The fighting has been fierce in recent days in Jabalya, with several soldiers being wounded by Hamas terrorists who had regrouped in the area that had been cleared by the IDF months ago.
The three-story building had been part of a corridor in Jabalya that the 202nd had captured at 9 AM. The battalion’s deputy commander moved his forward command post to its bottom floor around noon, but the two tanks attached to the force apparently did not know this.
According to the IDF’s initial investigation of the incident, in the evening, soldiers in one of the tanks saw the barrel of a weapon protruding from a window of the structure, which was only some ten meters from them.

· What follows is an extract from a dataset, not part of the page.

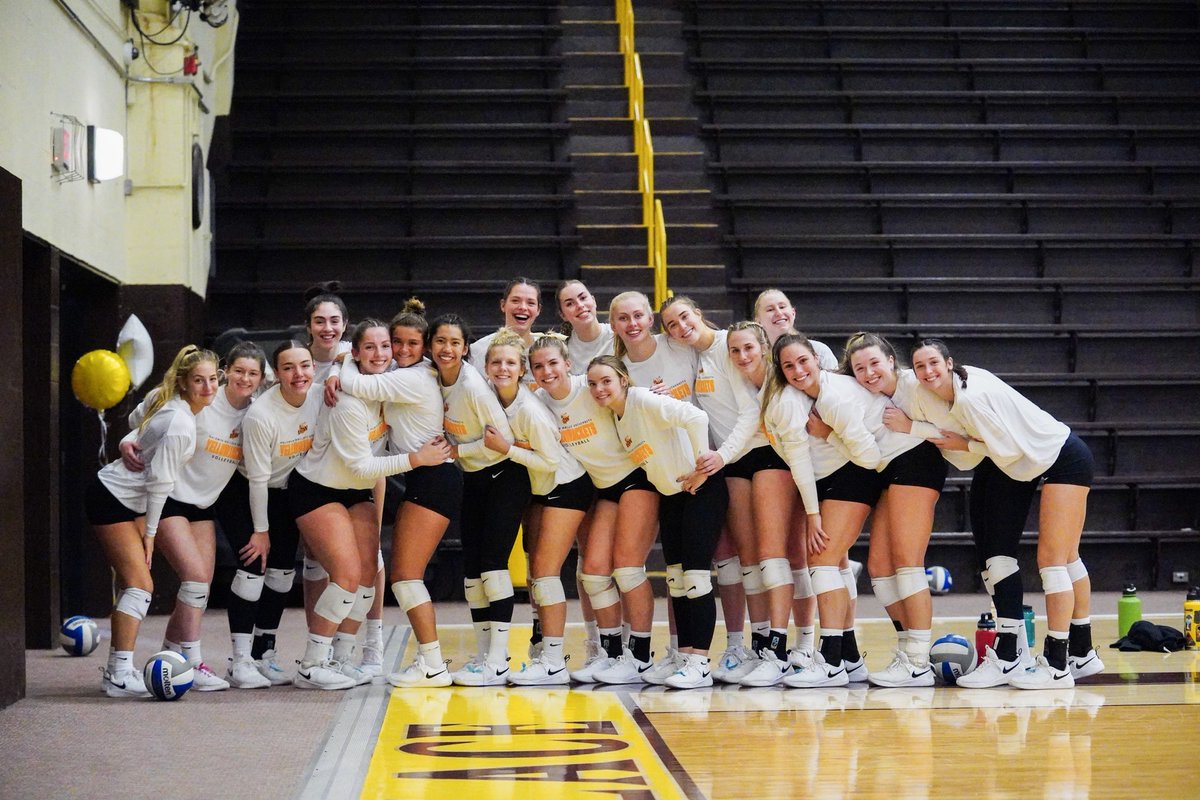Today is BW’s Day of Giving! Our student-athlete experience starts with you, Jacket Nation! Your generosity keeps our smiles going!! Link to donate is in bio! #BWDayofGiving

Their ability to see out at the time was greatly constrained as the tanks had been ordered to batten down due to the anti-tank fire that was periodically being directed at them.
Thinking that terrorists had managed to return and were threatening them, the tanks fired two shells at the building, resulting in the terrible loss of life.
It is unclear as yet why the armored force did not know that their own comrades had begun using the building. The IDF is continuing its investigation.
Beit Yaakov was the son of the head of Eli, a reservist lieutenant colonel who has also fought in Gaza in the current war. The family described him as “a quiet and gentle warrior” who was “proud” of the mission to fight against Hamas.
Boim was the nephew of radio journalist Kalman Libeskind, who eulogized him as “a boy full of light and goodness,” while a fellow soldier called him a “golden guy” who “always took care of every soldier with all his heart.”
Cohen was a lone soldier from Argentina who first came to Israel to study in yeshiva after high school before entering the army. Israel’s envoy in Buenos Aires informed his family of his death and his parents are flying in to bury him at the Mt. Herzl cemetery.